* EXTRACTED DATA *
═══
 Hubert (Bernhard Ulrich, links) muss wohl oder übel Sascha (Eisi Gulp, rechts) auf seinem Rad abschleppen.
═══
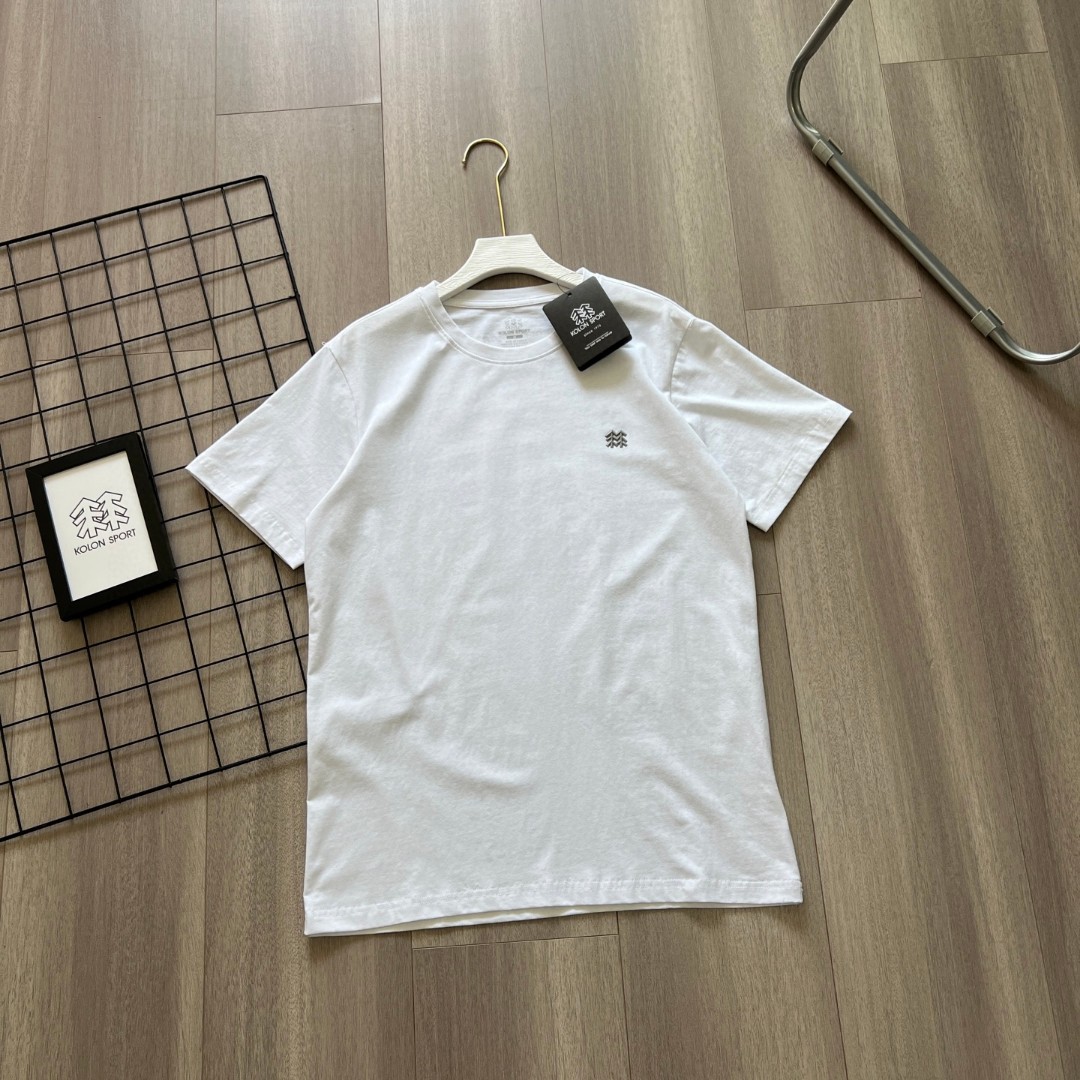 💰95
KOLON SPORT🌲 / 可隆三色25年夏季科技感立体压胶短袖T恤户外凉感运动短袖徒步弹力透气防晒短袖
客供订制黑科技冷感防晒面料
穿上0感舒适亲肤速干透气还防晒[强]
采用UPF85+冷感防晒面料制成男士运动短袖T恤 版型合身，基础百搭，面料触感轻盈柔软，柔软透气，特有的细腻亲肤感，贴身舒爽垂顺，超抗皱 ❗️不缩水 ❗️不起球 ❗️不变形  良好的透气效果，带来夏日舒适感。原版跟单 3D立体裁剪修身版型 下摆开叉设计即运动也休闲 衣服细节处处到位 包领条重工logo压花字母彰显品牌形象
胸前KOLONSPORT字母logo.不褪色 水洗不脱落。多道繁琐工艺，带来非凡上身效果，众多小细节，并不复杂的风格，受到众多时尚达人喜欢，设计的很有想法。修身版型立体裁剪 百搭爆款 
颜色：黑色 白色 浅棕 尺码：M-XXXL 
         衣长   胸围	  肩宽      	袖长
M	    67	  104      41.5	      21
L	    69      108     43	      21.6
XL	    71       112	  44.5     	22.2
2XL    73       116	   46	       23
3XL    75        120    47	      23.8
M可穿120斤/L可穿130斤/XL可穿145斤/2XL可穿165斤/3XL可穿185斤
═══
Out of the entries above, write out only the lines between the line holding "下摆开叉设计即运动也休闲 衣服细节处处到位 包领条重工logo压花字母彰显品牌形象" and the line holding "M可穿120斤/L可穿130", inclusive, each exactly as given.

* REPLY TO THE TASK *
采用UPF85+冷感防晒面料制成男士运动短袖T恤 版型合身，基础百搭，面料触感轻盈柔软，柔软透气，特有的细腻亲肤感，贴身舒爽垂顺，超抗皱 ❗️不缩水 ❗️不起球 ❗️不变形  良好的透气效果，带来夏日舒适感。原版跟单 3D立体裁剪修身版型 下摆开叉设计即运动也休闲 衣服细节处处到位 包领条重工logo压花字母彰显品牌形象
胸前KOLONSPORT字母logo.不褪色 水洗不脱落。多道繁琐工艺，带来非凡上身效果，众多小细节，并不复杂的风格，受到众多时尚达人喜欢，设计的很有想法。修身版型立体裁剪 百搭爆款 
颜色：黑色 白色 浅棕 尺码：M-XXXL 
         衣长   胸围	  肩宽      	袖长
M	    67	  104      41.5	      21
L	    69      108     43	      21.6
XL	    71       112	  44.5     	22.2
2XL    73       116	   46	       23
3XL    75        120    47	      23.8
M可穿120斤/L可穿130斤/XL可穿145斤/2XL可穿165斤/3XL可穿185斤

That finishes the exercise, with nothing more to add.